The way Bob Iger, Disney’s CEO, explained it to the Wall Street Journal in 2019, as he announced a “pause” in creating Star Wars movies, is that he wanted the next set to be more accessible to “common moviegoers unburdened by decades of Star Wars memories.”
I suppose from the standpoint of creative freedom it would be nice to imagine a world in which a company could harvest the dollars from dedicated fans without having to take into consideration what those fans want to see and experience. But that’s not the world we live in.
The world we live in is roughly governed by the 80/20 rule, which in this context states 20% of a company’s customers account for 80% of sales. To understand the dynamics of Disney/Star Wars spending we need to extend the rule a bit. The proportions of this modified rule are 80/19/1.
The rule states the bottom 80% of customers still account for 20% of sales, but the top 1% (the best of the best) of customers account for another 20%. That means the remaining 19% of customers account for the remaining 60%.
Not all companies will see this kind of spending pattern. The companies that do tend to have customer relationships that last a long time with purchases made every year. That describes Disney/Star Wars very well. At least part of Disney’s marketing department understands this, writing, “Star Wars is generational for many, it is the movie equivalent of passing down family heirlooms,” describing the meaning Star Wars held for families of many different types across the world.
In the context of Star Wars specifically, it’s the top 1% of customers that see the films multiple times, visit the theme parks, purchase merchandise (both their own purchases and gifts they receive), and influence their more loosely engaged friends and relatives to do the same. That’s what sets top customers apart from common moviegoers.

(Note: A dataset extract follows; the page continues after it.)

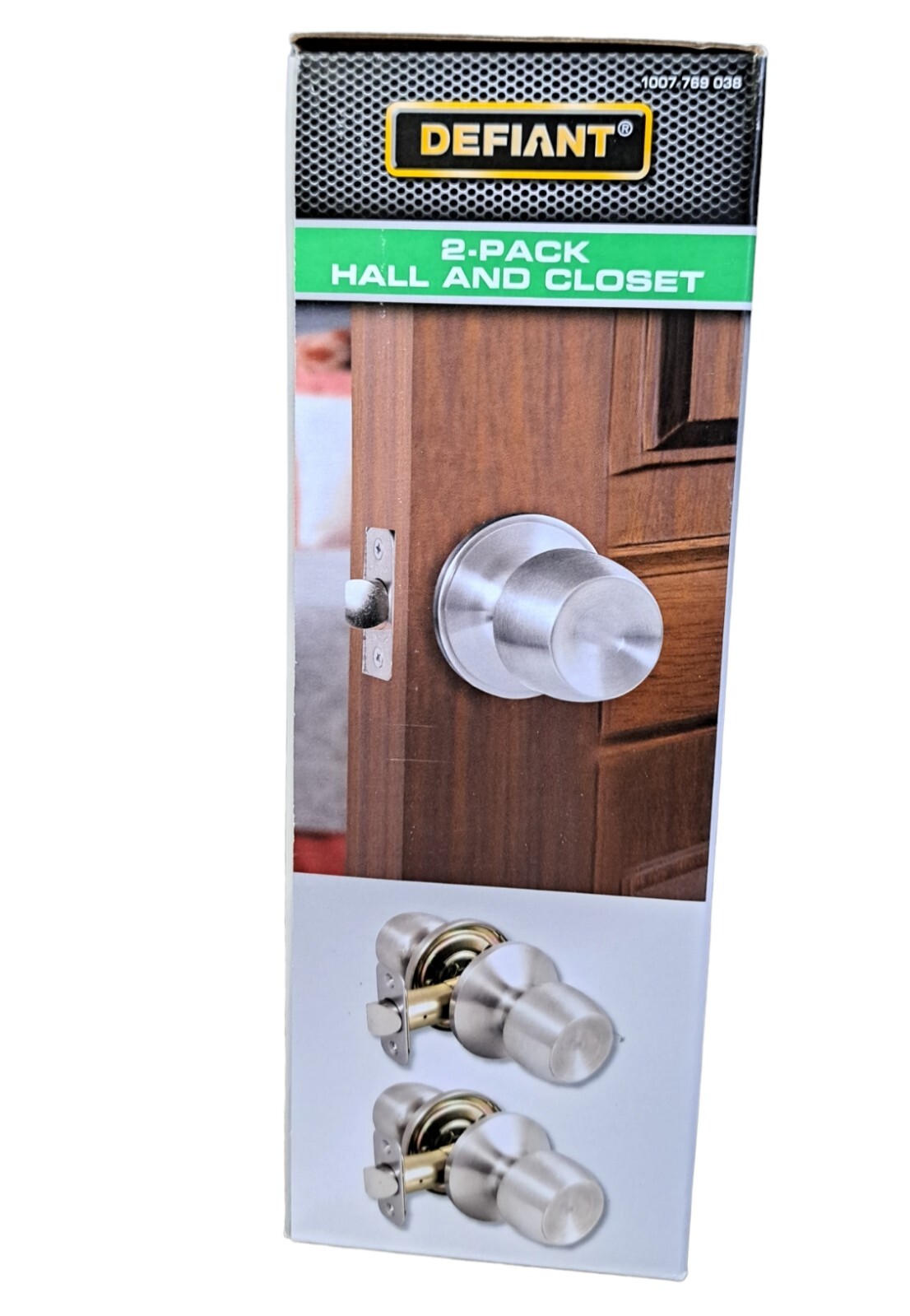 Defiant 2-Pack Hall And Closet Brandywine Knob Set Stainless Steel Finish gallery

Let’s put some numbers to this. Let’s say over a 20-year period, 1,000 customers spent $1 million on Star Wars experiences and merchandise. On average, these customers each spent $1,000, but that’s a horribly misleading way to characterize the situation. Employing the 80/19/1 rule reveals the top 1% of this company’s customers spent a total of $200,000 or $20,000 per customer. The bottom 80% also spent $200,000—only $250 per customer. So, yes, over time, each of a company's top 1% of customers can spend on the order of 80 times more than each of the bottom 80%.

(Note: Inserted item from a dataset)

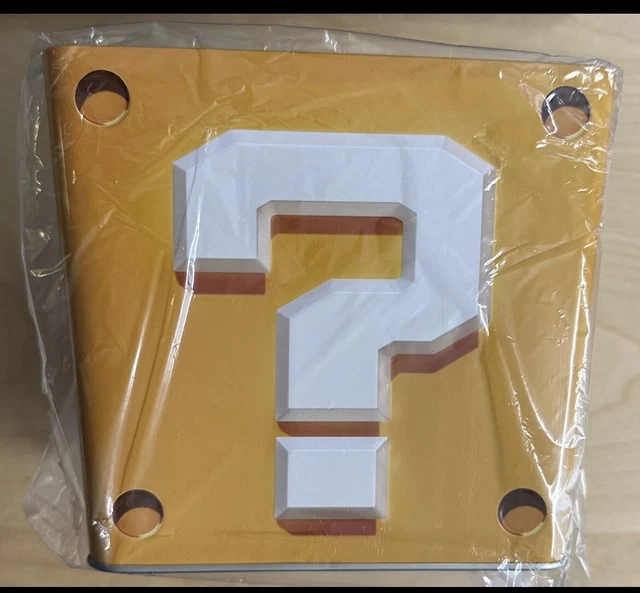 NEW AMC NINTENDO Super Mario Bros Movie Question Block Popcorn Tin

That’s what makes alienating a company’s top customers so dangerous. It’s practically impossible to recruit enough new customers to compensate for the loss. On average, it would require acquiring 20 new customers to account for the loss of a single customer among the top 1%.
As we explored in the previous post, a company or brand should only risk alienating its core customers if it’s already in crisis. Fifteen years ago, the brand managers of Old Spice got it spectacularly right.
But neither Disney nor Star Wars specifically was in the same situation five years ago.